> TRY IT:
Take the line with "Intern, Gebruikt, Dvd" and every line after it in the entries below, and set them down exactly, without any pictures.

TASK DATA Start Marker

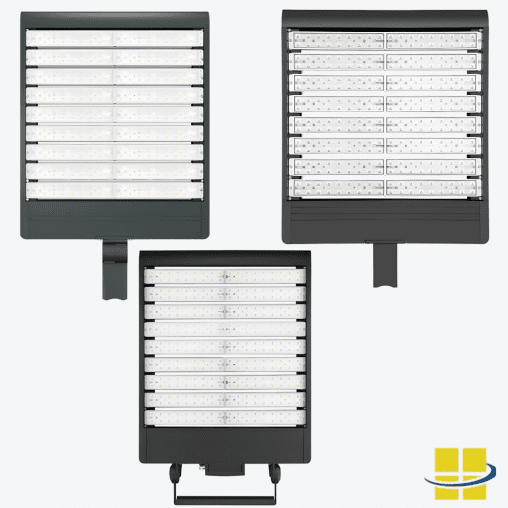 APTA 1440 LED Area and Flood Lights with EXTREME-LIFE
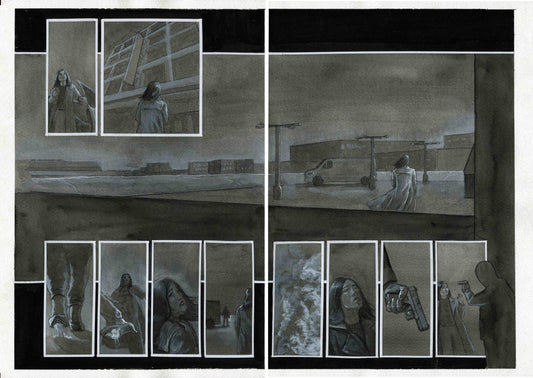 The Smart Division - #1 Page 02-03 DPS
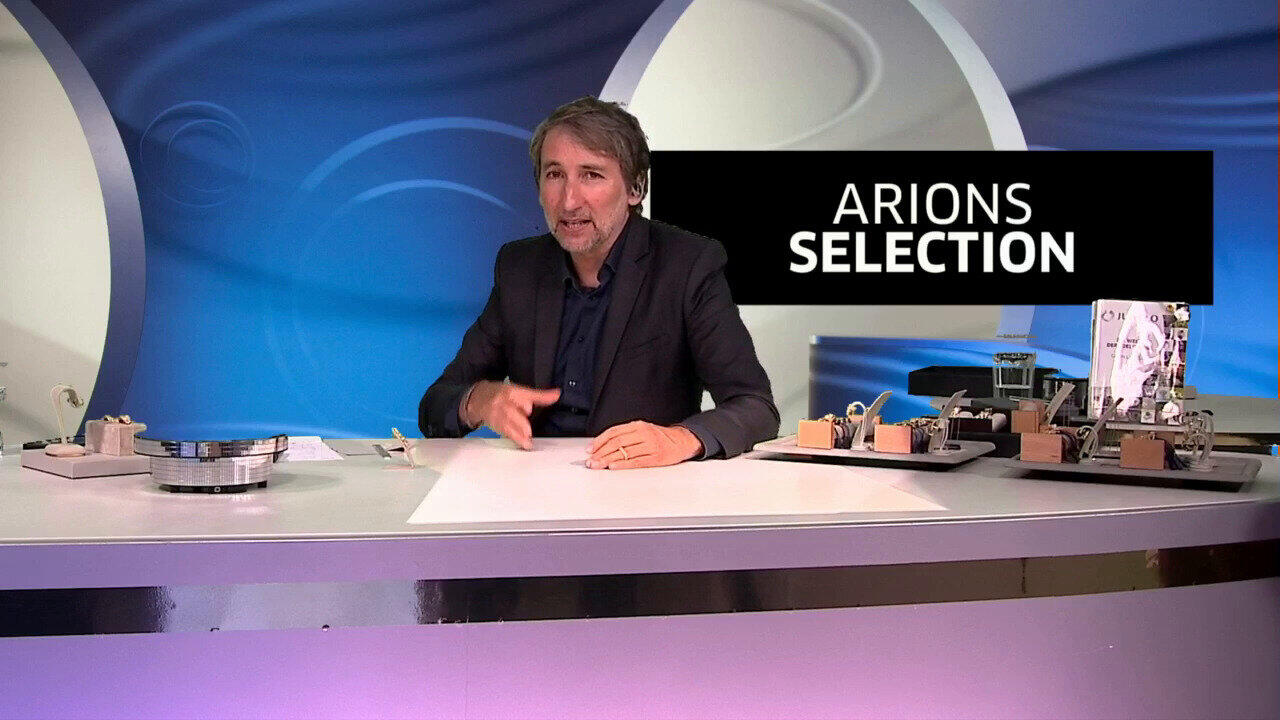 Visualizza l‘ultima asta di gioielli in Tv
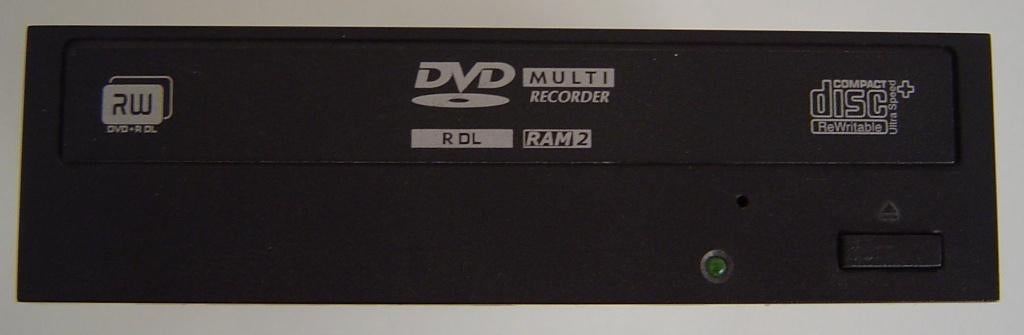 Hitachi -LG  super multi recorder dvd rewriter, Ophalen, Intern, Gebruikt, Dvd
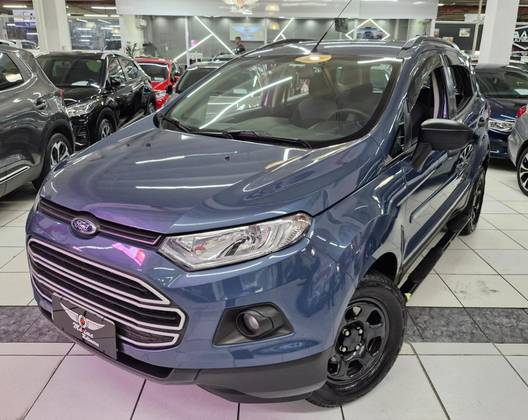 FORD ECOSPORT 1.6 SE 16V FLEX 4P MANUAL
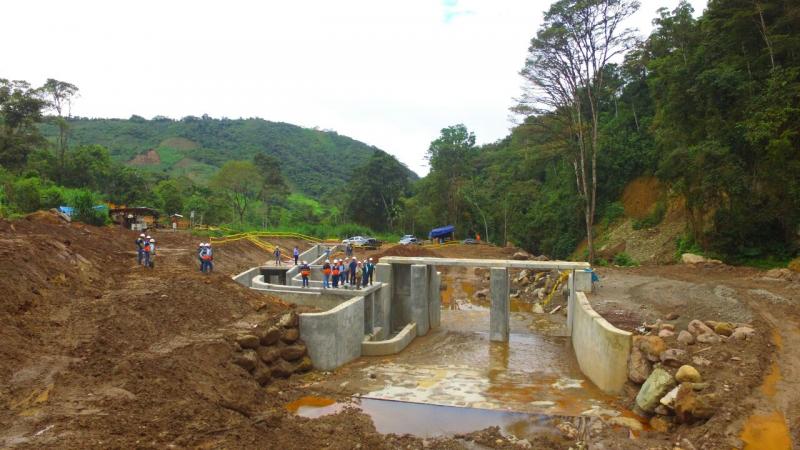 Amazonas: proyecto de irrigación Amojao convertirá a la selva en plataforma agroexportadora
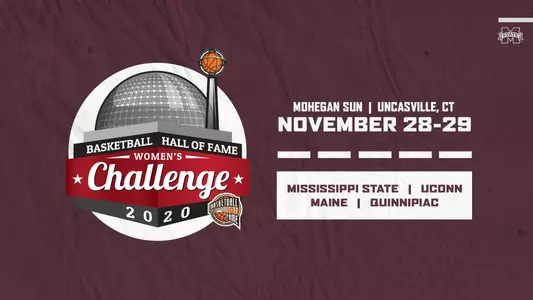 2020 BHOF Women's Challenge Graphic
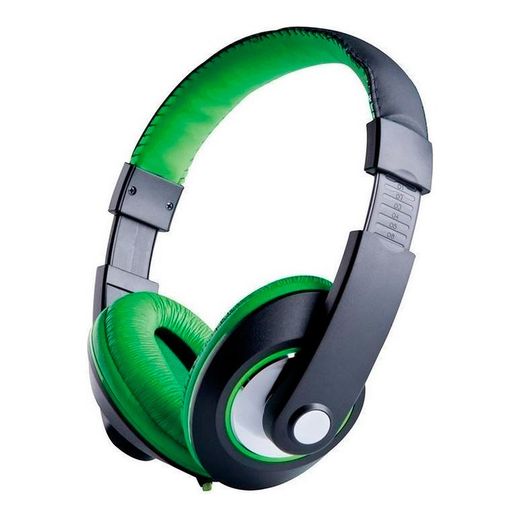Grundig Casque Stéréo Néon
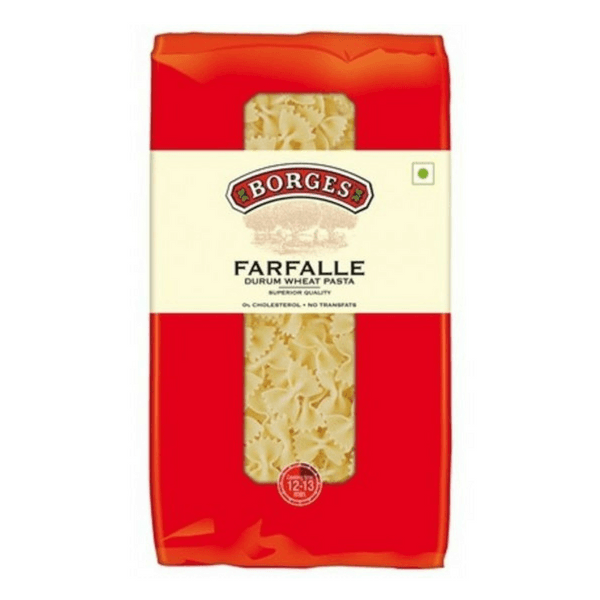 Borges Farfalle Pasta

TASK DATA End Marker

> RESULT OF THIS TASK:
 Hitachi -LG  super multi recorder dvd rewriter, Ophalen, Intern, Gebruikt, Dvd
 FORD ECOSPORT 1.6 SE 16V FLEX 4P MANUAL
 Amazonas: proyecto de irrigación Amojao convertirá a la selva en plataforma agroexportadora
 2020 BHOF Women's Challenge Graphic
Grundig Casque Stéréo Néon
 Borges Farfalle Pasta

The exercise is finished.